_What the task requires:_ From the first line to the last, copy the data below word for word.

_Provided records:_
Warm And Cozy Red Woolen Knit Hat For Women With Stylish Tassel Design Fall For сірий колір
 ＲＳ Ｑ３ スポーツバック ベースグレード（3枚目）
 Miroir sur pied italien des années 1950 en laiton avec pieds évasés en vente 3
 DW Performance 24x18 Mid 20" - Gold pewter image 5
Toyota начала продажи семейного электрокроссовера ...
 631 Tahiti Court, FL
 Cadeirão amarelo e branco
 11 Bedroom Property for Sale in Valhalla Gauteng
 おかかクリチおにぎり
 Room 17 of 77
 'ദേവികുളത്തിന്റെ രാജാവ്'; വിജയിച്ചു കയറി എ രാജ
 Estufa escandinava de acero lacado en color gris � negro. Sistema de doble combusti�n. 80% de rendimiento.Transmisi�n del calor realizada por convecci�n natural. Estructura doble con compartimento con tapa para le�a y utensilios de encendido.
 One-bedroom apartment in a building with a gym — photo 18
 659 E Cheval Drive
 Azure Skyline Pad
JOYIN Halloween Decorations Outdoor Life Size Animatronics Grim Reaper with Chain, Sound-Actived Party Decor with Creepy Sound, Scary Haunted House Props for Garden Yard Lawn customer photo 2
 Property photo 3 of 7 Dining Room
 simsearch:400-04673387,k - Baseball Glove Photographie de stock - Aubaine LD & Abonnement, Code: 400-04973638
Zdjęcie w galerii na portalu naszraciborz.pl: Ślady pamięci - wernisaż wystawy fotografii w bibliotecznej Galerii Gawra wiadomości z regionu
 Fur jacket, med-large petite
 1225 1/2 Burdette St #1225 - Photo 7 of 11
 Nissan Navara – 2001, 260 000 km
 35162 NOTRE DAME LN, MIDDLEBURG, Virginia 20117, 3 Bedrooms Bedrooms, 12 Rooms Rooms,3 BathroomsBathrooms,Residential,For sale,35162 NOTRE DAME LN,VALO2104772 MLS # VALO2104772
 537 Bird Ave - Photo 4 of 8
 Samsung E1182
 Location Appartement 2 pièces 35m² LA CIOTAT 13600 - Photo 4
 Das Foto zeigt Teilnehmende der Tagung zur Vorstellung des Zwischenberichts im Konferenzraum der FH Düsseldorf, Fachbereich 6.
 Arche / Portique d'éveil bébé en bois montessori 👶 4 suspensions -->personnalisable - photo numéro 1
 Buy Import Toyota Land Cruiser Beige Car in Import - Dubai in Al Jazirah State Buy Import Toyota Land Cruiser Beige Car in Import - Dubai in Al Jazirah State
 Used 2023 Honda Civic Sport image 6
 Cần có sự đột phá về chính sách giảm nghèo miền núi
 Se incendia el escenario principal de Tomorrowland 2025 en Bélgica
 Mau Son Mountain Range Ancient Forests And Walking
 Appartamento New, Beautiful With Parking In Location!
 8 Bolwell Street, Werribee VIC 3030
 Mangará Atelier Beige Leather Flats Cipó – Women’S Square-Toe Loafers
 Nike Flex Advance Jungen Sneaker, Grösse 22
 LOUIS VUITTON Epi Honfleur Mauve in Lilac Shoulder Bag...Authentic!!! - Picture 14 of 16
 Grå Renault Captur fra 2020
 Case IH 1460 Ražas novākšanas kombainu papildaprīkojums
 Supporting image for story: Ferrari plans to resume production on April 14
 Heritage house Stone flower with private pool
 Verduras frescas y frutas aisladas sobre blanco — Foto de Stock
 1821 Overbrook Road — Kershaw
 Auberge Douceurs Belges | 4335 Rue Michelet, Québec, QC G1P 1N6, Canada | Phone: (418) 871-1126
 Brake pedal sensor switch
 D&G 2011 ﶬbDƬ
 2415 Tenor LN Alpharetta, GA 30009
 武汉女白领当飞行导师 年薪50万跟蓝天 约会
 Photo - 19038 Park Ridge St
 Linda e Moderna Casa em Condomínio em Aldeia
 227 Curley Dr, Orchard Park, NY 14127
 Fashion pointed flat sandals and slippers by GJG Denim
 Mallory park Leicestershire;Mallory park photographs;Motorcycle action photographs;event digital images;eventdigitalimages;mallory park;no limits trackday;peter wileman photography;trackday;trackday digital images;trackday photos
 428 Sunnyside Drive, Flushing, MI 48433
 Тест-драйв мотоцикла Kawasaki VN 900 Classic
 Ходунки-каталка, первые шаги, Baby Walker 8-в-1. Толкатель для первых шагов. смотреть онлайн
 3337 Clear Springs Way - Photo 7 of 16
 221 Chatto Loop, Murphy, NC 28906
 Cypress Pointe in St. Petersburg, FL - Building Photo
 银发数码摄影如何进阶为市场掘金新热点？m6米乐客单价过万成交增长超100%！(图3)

_Worked solution:_
Warm And Cozy Red Woolen Knit Hat For Women With Stylish Tassel Design Fall For сірий колір
 ＲＳ Ｑ３ スポーツバック ベースグレード（3枚目）
 Miroir sur pied italien des années 1950 en laiton avec pieds évasés en vente 3
 DW Performance 24x18 Mid 20" - Gold pewter image 5
Toyota начала продажи семейного электрокроссовера ...
 631 Tahiti Court, FL
 Cadeirão amarelo e branco
 11 Bedroom Property for Sale in Valhalla Gauteng
 おかかクリチおにぎり
 Room 17 of 77
 'ദേവികുളത്തിന്റെ രാജാവ്'; വിജയിച്ചു കയറി എ രാജ
 Estufa escandinava de acero lacado en color gris � negro. Sistema de doble combusti�n. 80% de rendimiento.Transmisi�n del calor realizada por convecci�n natural. Estructura doble con compartimento con tapa para le�a y utensilios de encendido.
 One-bedroom apartment in a building with a gym — photo 18
 659 E Cheval Drive
 Azure Skyline Pad
JOYIN Halloween Decorations Outdoor Life Size Animatronics Grim Reaper with Chain, Sound-Actived Party Decor with Creepy Sound, Scary Haunted House Props for Garden Yard Lawn customer photo 2
 Property photo 3 of 7 Dining Room
 simsearch:400-04673387,k - Baseball Glove Photographie de stock - Aubaine LD & Abonnement, Code: 400-04973638
Zdjęcie w galerii na portalu naszraciborz.pl: Ślady pamięci - wernisaż wystawy fotografii w bibliotecznej Galerii Gawra wiadomości z regionu
 Fur jacket, med-large petite
 1225 1/2 Burdette St #1225 - Photo 7 of 11
 Nissan Navara – 2001, 260 000 km
 35162 NOTRE DAME LN, MIDDLEBURG, Virginia 20117, 3 Bedrooms Bedrooms, 12 Rooms Rooms,3 BathroomsBathrooms,Residential,For sale,35162 NOTRE DAME LN,VALO2104772 MLS # VALO2104772
 537 Bird Ave - Photo 4 of 8
 Samsung E1182
 Location Appartement 2 pièces 35m² LA CIOTAT 13600 - Photo 4
 Das Foto zeigt Teilnehmende der Tagung zur Vorstellung des Zwischenberichts im Konferenzraum der FH Düsseldorf, Fachbereich 6.
 Arche / Portique d'éveil bébé en bois montessori 👶 4 suspensions -->personnalisable - photo numéro 1
 Buy Import Toyota Land Cruiser Beige Car in Import - Dubai in Al Jazirah State Buy Import Toyota Land Cruiser Beige Car in Import - Dubai in Al Jazirah State
 Used 2023 Honda Civic Sport image 6
 Cần có sự đột phá về chính sách giảm nghèo miền núi
 Se incendia el escenario principal de Tomorrowland 2025 en Bélgica
 Mau Son Mountain Range Ancient Forests And Walking
 Appartamento New, Beautiful With Parking In Location!
 8 Bolwell Street, Werribee VIC 3030
 Mangará Atelier Beige Leather Flats Cipó – Women’S Square-Toe Loafers
 Nike Flex Advance Jungen Sneaker, Grösse 22
 LOUIS VUITTON Epi Honfleur Mauve in Lilac Shoulder Bag...Authentic!!! - Picture 14 of 16
 Grå Renault Captur fra 2020
 Case IH 1460 Ražas novākšanas kombainu papildaprīkojums
 Supporting image for story: Ferrari plans to resume production on April 14
 Heritage house Stone flower with private pool
 Verduras frescas y frutas aisladas sobre blanco — Foto de Stock
 1821 Overbrook Road — Kershaw
 Auberge Douceurs Belges | 4335 Rue Michelet, Québec, QC G1P 1N6, Canada | Phone: (418) 871-1126
 Brake pedal sensor switch
 D&G 2011 ﶬbDƬ
 2415 Tenor LN Alpharetta, GA 30009
 武汉女白领当飞行导师 年薪50万跟蓝天 约会
 Photo - 19038 Park Ridge St
 Linda e Moderna Casa em Condomínio em Aldeia
 227 Curley Dr, Orchard Park, NY 14127
 Fashion pointed flat sandals and slippers by GJG Denim
 Mallory park Leicestershire;Mallory park photographs;Motorcycle action photographs;event digital images;eventdigitalimages;mallory park;no limits trackday;peter wileman photography;trackday;trackday digital images;trackday photos
 428 Sunnyside Drive, Flushing, MI 48433
 Тест-драйв мотоцикла Kawasaki VN 900 Classic
 Ходунки-каталка, первые шаги, Baby Walker 8-в-1. Толкатель для первых шагов. смотреть онлайн
 3337 Clear Springs Way - Photo 7 of 16
 221 Chatto Loop, Murphy, NC 28906
 Cypress Pointe in St. Petersburg, FL - Building Photo
 银发数码摄影如何进阶为市场掘金新热点？m6米乐客单价过万成交增长超100%！(图3)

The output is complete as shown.